Important question number one. Did your mom, while of sound mind, create Advanced Directives giving guidance as to what she would prefer? If not, did she ever talk about whether or not she would want heroic measures *even* if she were terminal? If she did not, you are faced with the task of deciding what she may have wanted and what you feel is appropriate. Tough question number two: how do you want life to end?

The decision point here would come if her Alzheimer’s takes the course where she eventually stops eating, or eats so little she is wasting, or can no longer drink water. At that point the body has run its course and is beginning to enter the dying phase. Many people, facilities, and religions are uncomfortable with this and want to institute tube feeding and forced hydration at this point, regardless of the state of the patient’s consciousness. The tough question here is quality of life. Would she want to have lived like this? If not, it is time for a hospice consult.

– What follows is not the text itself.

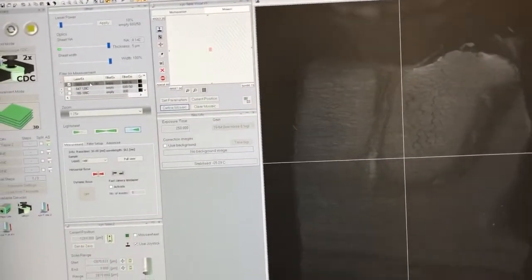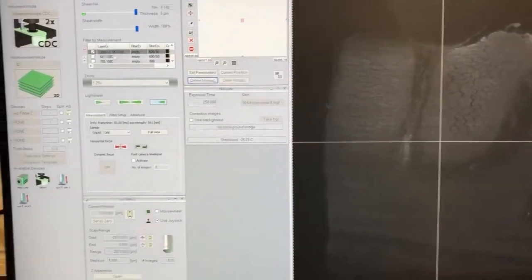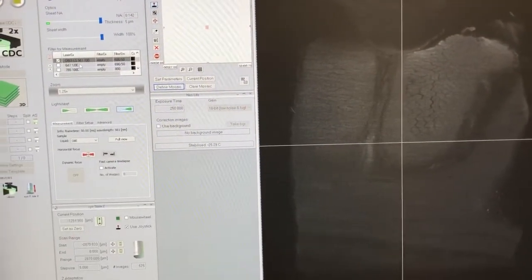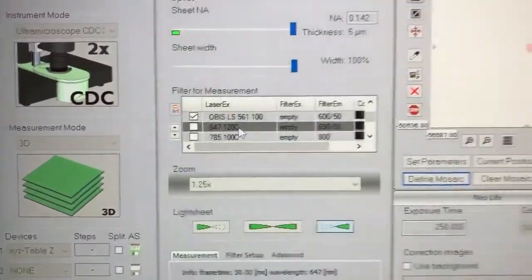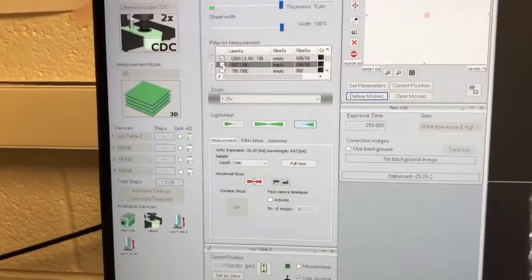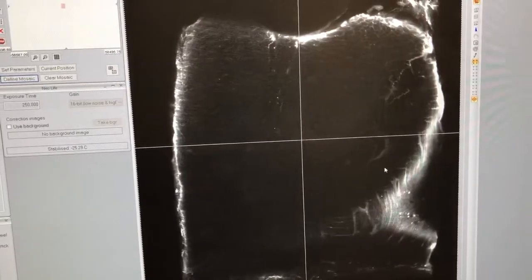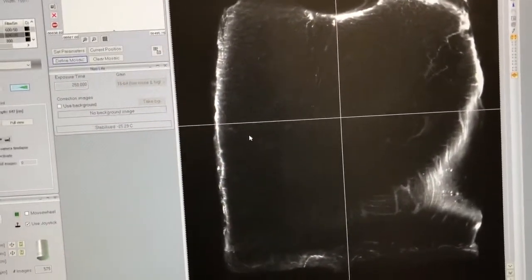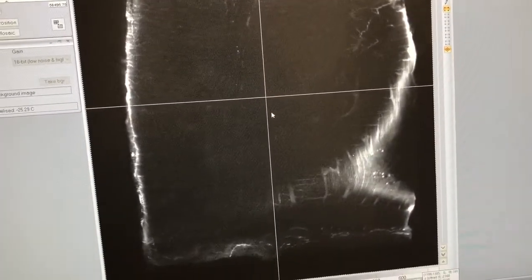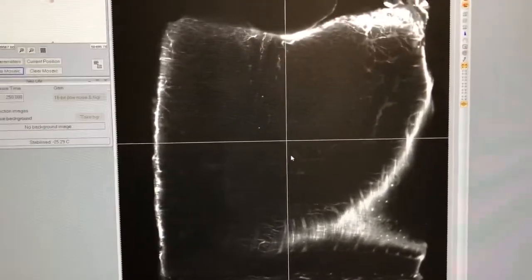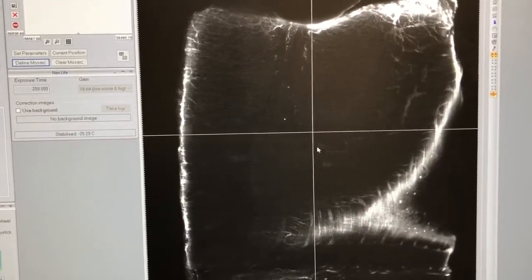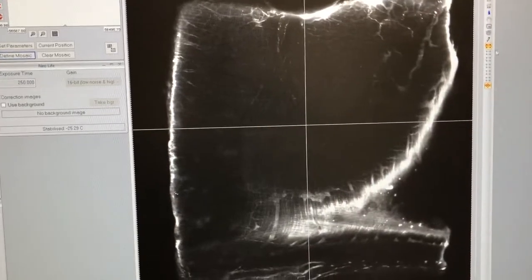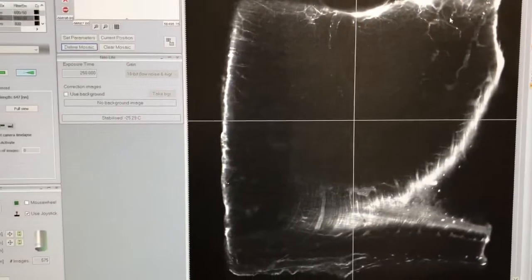I'm going to switch channels from 561, where the labeling isn't very good, to 647, which has more structure to look at. Now you can see that looks different — the checkmarks don't matter unless you're imaging more than one channel, which for the moment we're not. You can see some filamentous structures, and there's also a lot of staining on the edges. That's a typical issue in iDISCO+ staining when your antibody concentration is a little high. This is also an old sample that may have had some oxidation. But you can still see a lot of structure as I move in the z-dimension.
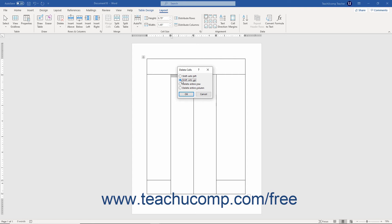However, you can also select the Delete Entire Row or Delete Entire Column choice to delete all the columns or rows that contain the selected cells. These commands, if selected, function the same way as choosing the Delete Columns or Delete Rows commands from the Delete button's drop-down menu.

What hospice will do is give her medications to keep her comfortable and allow the body to take its course. Usually death is no more than a few days to a few weeks off (if the assessment is correct). At the very end some will argue that it is cruel to “withhold” water, however, to inject fluids when the body is no longer capable of pumping them out is essentially forcing the person to drown. An MD or experienced hospice RN should assess to see if this is indeed where the patient is at.
I hope this gives you some starting points. Peace to you and your mom.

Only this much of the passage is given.